◆ Work item: Restate word for word the lines below from the one that has "Zombie Bunny Men Costume Jumpsuit with Mask" through the one that has "Leather Tan Inlaid Boots", keeping both and dropping all pictures.

◆ Records supplied:
▬▬▬▬▬▬
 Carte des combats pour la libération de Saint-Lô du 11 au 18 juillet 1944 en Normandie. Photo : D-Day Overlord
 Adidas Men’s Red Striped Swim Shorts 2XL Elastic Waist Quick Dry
▬▬▬▬▬▬
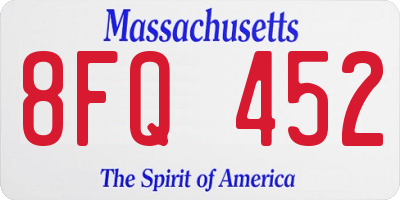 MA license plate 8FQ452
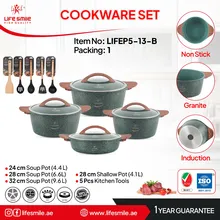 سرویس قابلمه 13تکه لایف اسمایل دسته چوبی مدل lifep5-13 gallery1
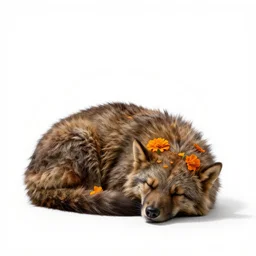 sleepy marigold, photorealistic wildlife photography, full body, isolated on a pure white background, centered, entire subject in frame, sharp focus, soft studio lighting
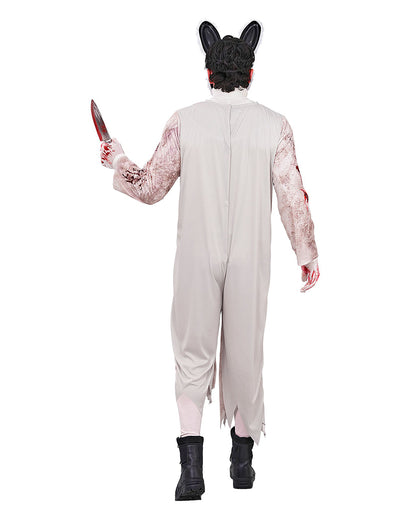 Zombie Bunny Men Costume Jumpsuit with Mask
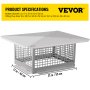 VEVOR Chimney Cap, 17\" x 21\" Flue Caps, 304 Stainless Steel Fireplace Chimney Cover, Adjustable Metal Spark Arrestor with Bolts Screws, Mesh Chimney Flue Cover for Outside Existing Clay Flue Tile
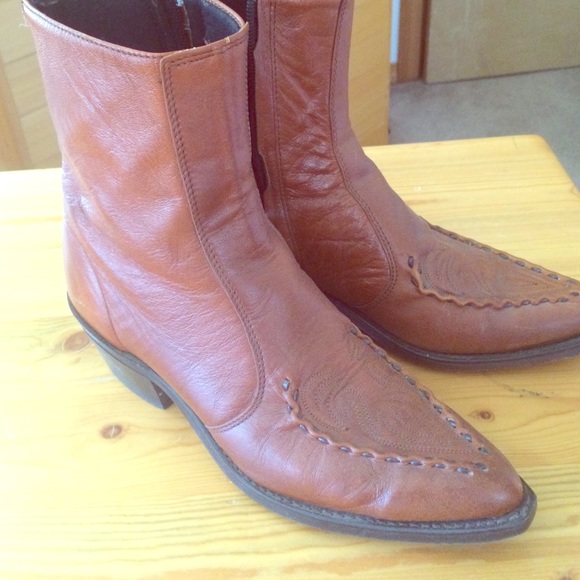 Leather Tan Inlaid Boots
▬▬▬▬▬▬
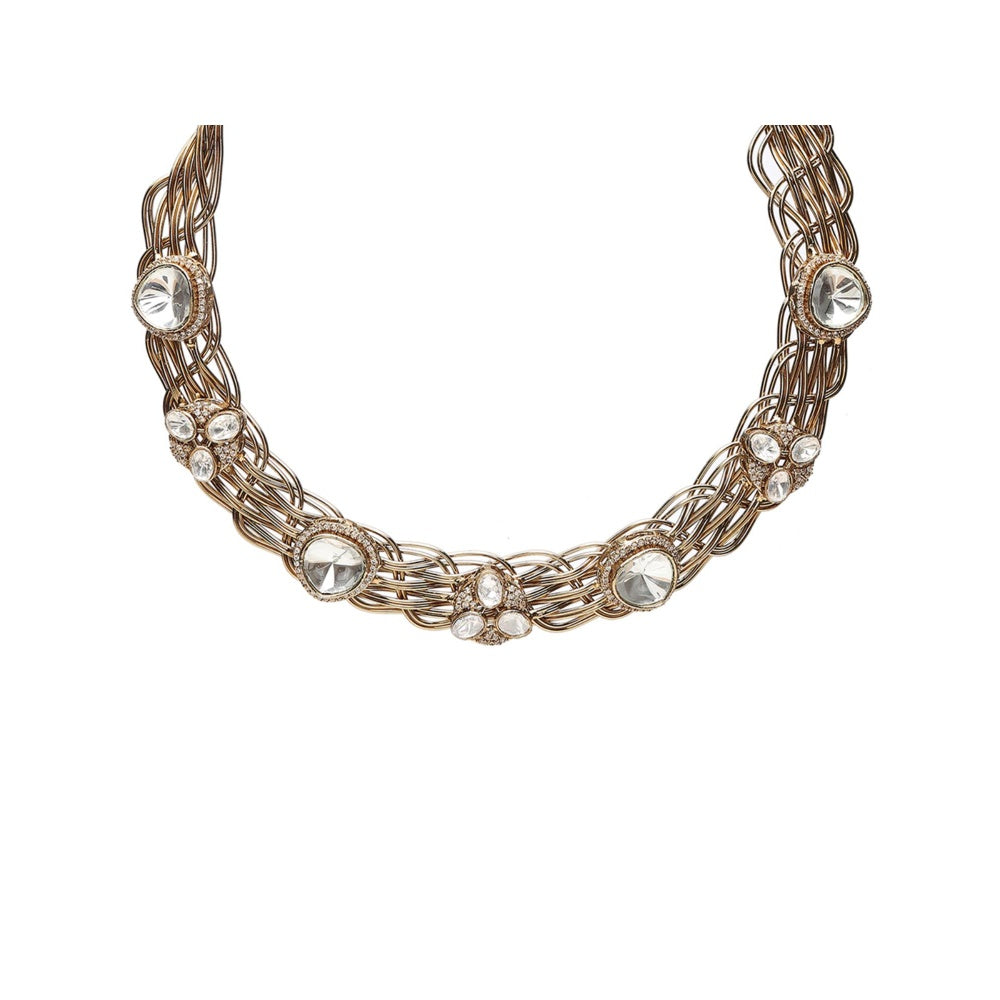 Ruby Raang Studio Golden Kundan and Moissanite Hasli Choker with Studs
▬▬▬▬▬▬
◆ Answer to this exercise:
 Zombie Bunny Men Costume Jumpsuit with Mask
 VEVOR Chimney Cap, 17\" x 21\" Flue Caps, 304 Stainless Steel Fireplace Chimney Cover, Adjustable Metal Spark Arrestor with Bolts Screws, Mesh Chimney Flue Cover for Outside Existing Clay Flue Tile
 Leather Tan Inlaid Boots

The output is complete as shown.